Carbon deposition analysis by TPO determined after the above activity testing indicates that indeed the two exsolved samples have similar amount and type of carbon deposition (Fig. 3d) although still minimal in terms of quantity and consistent with the carbon balance (Fig. 4e).

Comparison to the state-of-the-art material for CH₄ conversion, Ni/Al₂O₃ catalyst, shows that the coke deposited on that sample is almost two orders of magnitude higher than the perovskite materials tested in this work (3 vs. 100 mg_carbon/g_sample) over a similar temperature range. The TPO experiment revealed that the carbon on these samples is gassified at different temperatures from 350 to 750 °C, which are typically assigned in the literature to highly crystalline and fibrous carbon profiles (Fig. 4d).^32–34 Specifically, the infiltrated sample has three different kinds (indicated by the three main peaks in the TPO experiment) while only one is present for the exsolved samples (Fig. 4d).
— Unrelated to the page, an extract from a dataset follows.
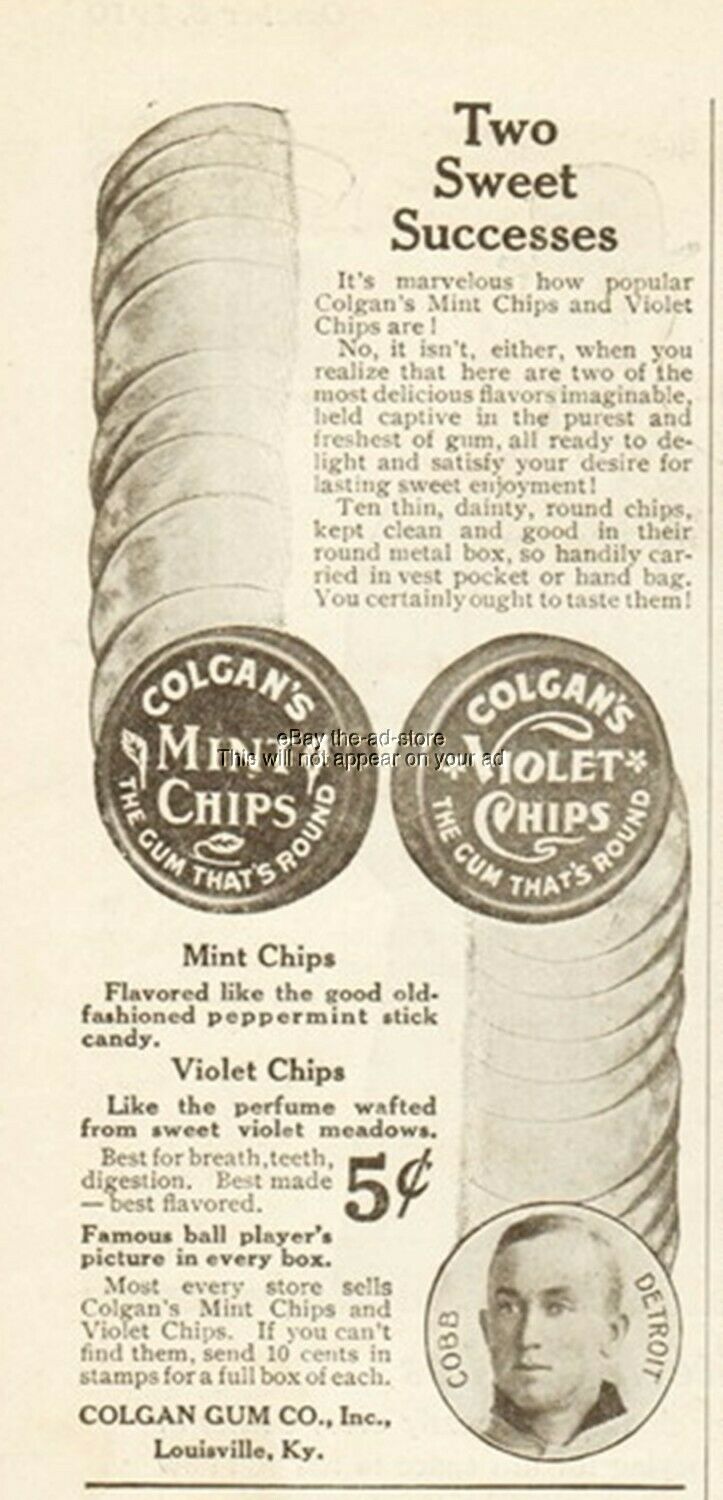 1910 Ty Cobb Colgan's Chips Baseball Card Detroit Tigers Vintage Magazine Ad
SEM image analysis (Fig. 4f) before and after testing as well as after TPO for both samples shows that all particles retain their position and size after the full redox cycle. The image of the tested sample is characteristic of the negligible amount of carbon deposition on the samples' surface proving that exsolved materials display high tolerance to coking even under harsh reaction conditions. Another interesting point from the SEM images is that oxidised particles are affected by what is known as the Kirkendall effect, generally characteristic of Co nanoparticles.¹⁴ The Kirkendall effect leads to the formation of hollow-core nanoparticles on oxidation due to outward migration of metal ions instead of inward diffusion of oxide ions.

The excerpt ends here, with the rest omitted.